▶ **HOW TO COMPLETE THIS TASK**
Using the records below, copy exactly the part that opens with the line holding "مجتمع اقامتی یک" and closes with the line holding "Image de Appartement", minus the pictures.

▶ **RECORDS SHOWN**
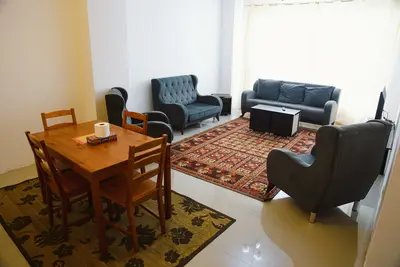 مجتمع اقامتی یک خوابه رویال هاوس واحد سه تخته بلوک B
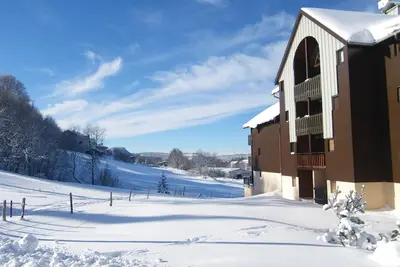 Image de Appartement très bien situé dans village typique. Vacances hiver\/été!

* * *

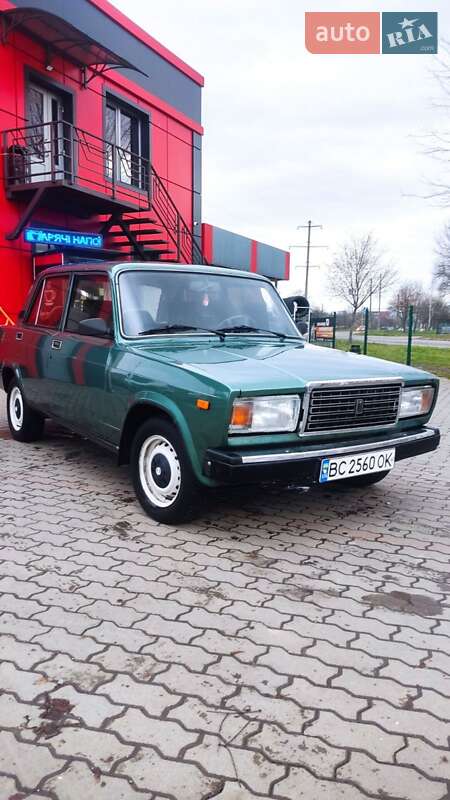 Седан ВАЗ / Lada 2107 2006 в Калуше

* * *

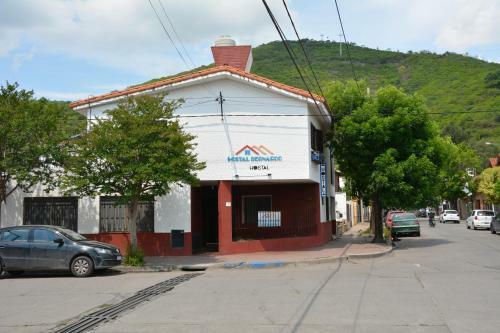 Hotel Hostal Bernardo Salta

▶ **WRITTEN ANSWER**
 مجتمع اقامتی یک خوابه رویال هاوس واحد سه تخته بلوک B
 Image de Appartement très bien situé dans village typique. Vacances hiver\/été!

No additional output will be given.